Volviendo a lo de Marcial, cuando llegué a su nuevo hogar me hizo un tour por las habitaciones de la segunda planta subiendo por esas complicadas y mareadoras escaleras de caracol, (recuerdo muy bien que cuando Gianinna vivía con sus padres, tenía de las mismas y corría por ellas al subir y al bajar, yo gateaba por temor a sacarme la cresta y rodar abajo como chicle de máquina) al llegar arriba, luego de echar un vistazo a las piezas principales, Marcial me mostró una en particular. Se trataba de un cuarto pequeño, más para utilizarlo como cuarto de estudio o de escritorio que para dormir en él. En una de sus paredes, mi amigo instaló una repisa de madera lo suficientemente larga y alta para ubicar y ordenar contextualmente todas sus películas en DVD. Marcial, desde que lo conozco, que es un fanático del cine. Más abajo, toda una fila de libros, novelas que solíamos comentar y recomendar. En la pared contraria, colgados uno al lado del otro, tenía posters de La Naranja Mecánica, Tiburón, El Padrino y otros clásicos. Me tomó sólo un segundo sentirme en su antigua pieza de adolescente otra vez, esa pieza en la cual hacíamos carretes de quince años con los chicos y nos reíamos hasta despuntar el alba, escuchando Nirvana, obviamente. Sentí que había retrocedido en el tiempo, trasladada de un lugar a otro en un solo chasquido y me di cuenta que ese Marcial, el desordenado, el infantil, el versátil, el actor de tablas por naturaleza, el que imitaba los gestos de Jim Carrey sin ninguna vergüenza, estaba todavía allí, en algún lugar de ese hombre de treinta con nuevas responsabilidades, nuevos desafíos y miedos.

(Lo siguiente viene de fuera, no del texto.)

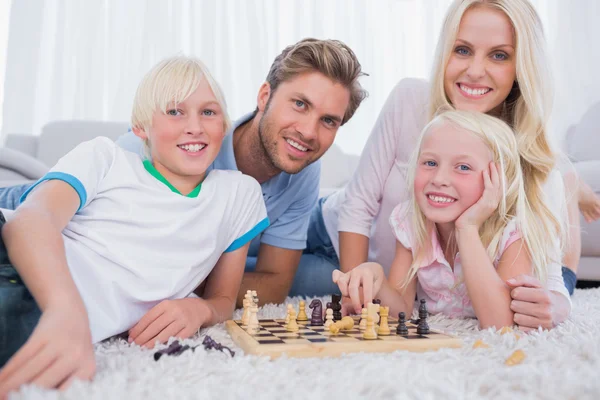 Улыбающаяся семья играет в шахматы вместе — стоковое фото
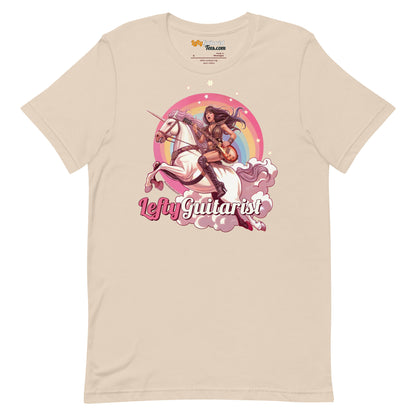 Cream unisex t-shirt featuring a unicorn warrior graphic with the text "Lefty Guitarist" in pink and rainbow background.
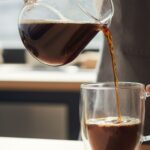 Barista pouring freshly brewed coffee into a glass mug.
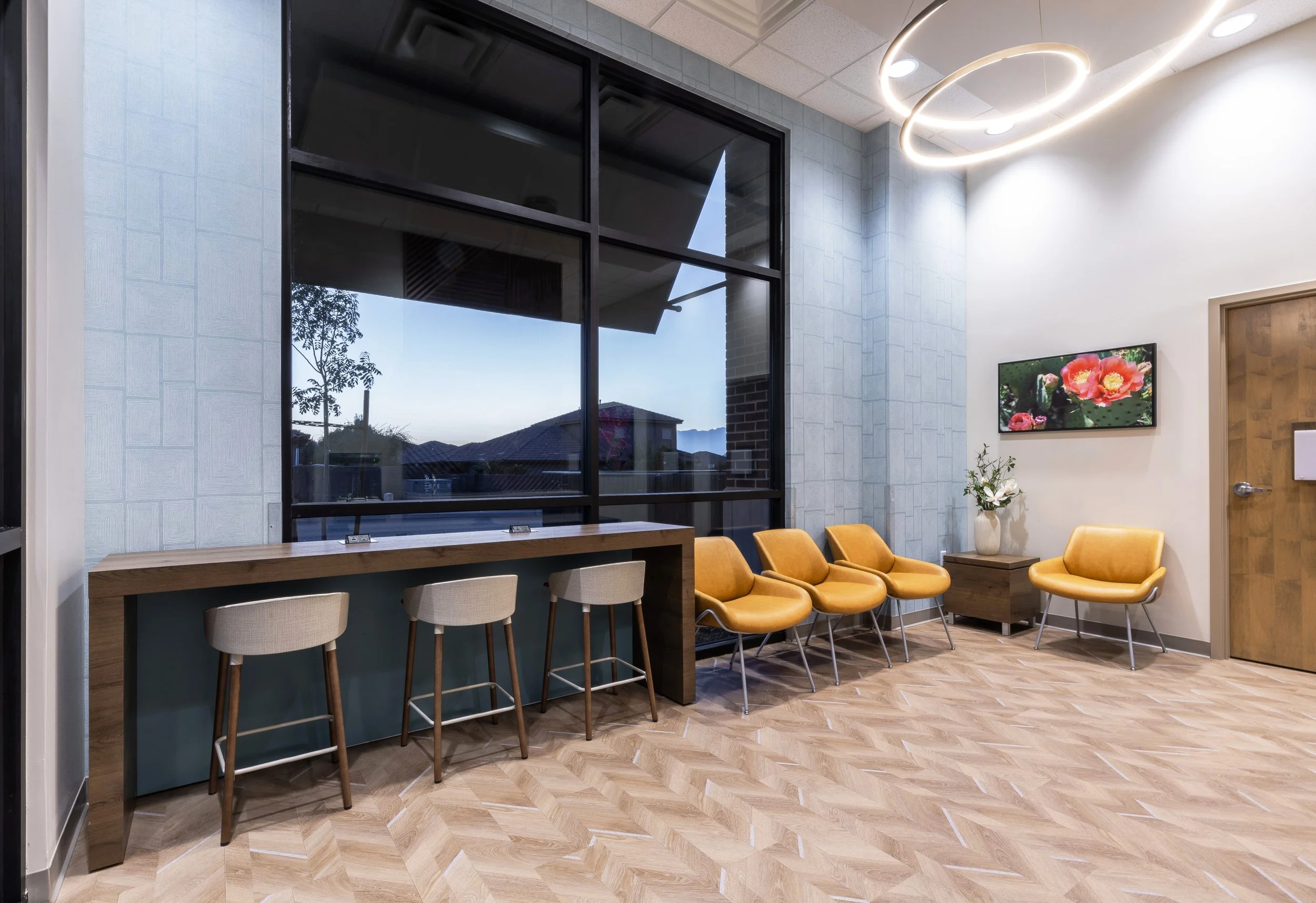 Waiting room or reception area with a row of orange chairs, a small table with flowers, a wall-mounted TV displaying flowers, and large windows showing an outdoor scene with houses and trees.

Muchos recuerdos se me vinieron encima mientras Marcial me hablaba de lo que le tomó hacer el mueble con su viejo y distribuir las cosas en su interior. Recordé aquellos carretes diurnos que hacíamos los miércoles antes de entrar a clases. Partíamos a las diez de la mañana a la casa de Danilo y allí nos quedábamos hasta las dos de la tarde para luego ir al cole con cara de zombie. Hubo un día en particular donde Marcial, dándoselas de barman junto con el dueño de casa, prepararon pisco sour con un kilo limones que al estrujarlos dieron la increíble cantidad de dos dedos de alto en la botella, fueron los limones más secos en la historia de los limones secos de la sequía misma. Todo el resto fue puro pisco y algo de azúcar para que pasara, ¿resultado? Una Amanda que se aferraba a la taza del baño como si la gravedad no hubiera existido jamás y Newton vendía manzanas en la feria. Sólo Marcial y yo fuimos los tercos en ir al cole igual, así como estábamos, – el sentido de responsabilidad fue más fuerte- el resto de los chicos se quedó porque el mortífero pisco sour había convertido la casa de Danilo en un carrusel de la puta y no podían bajarse. En fin, nos fuimos por la mitad de la calle efectivamente con caras de zombie, lo único que nos daba algo de color era la mierda de chaleco burdeo porque si no nos confundíamos con la blusa blanca. Llegamos al paradero, uno apoyado del otro en una perfecta “A” e hicimos parar cualquiera que dijera “Maipú”. Para fortuna nuestra, ningún inspector nos detuvo en el portón al ingresar y pasamos desapercibidos.

Fue muy regocijante que varias anécdotas y vivencias como ésta me ocuparan la cabeza en un segundo sólo por una pieza decorada como antes. Sin embargo, no puedo decirle sólo una pieza, es la pieza de ese Marcial, mi amigo Marcial, al que no le importó correr por una playa con la parte de arriba de un bikini y un cintillo en la cabeza con tal de hacer reír, o disfrazado de odalisca para sorprendernos a todos en mi fiesta de disfraces, o cagar una foto oficial de matrimonio con una cuchara pegada en la nariz. La risa siempre fue la mejor medicina para él y debo decir que por sus venas de artista, corre toda una farmacia que me cura el alma.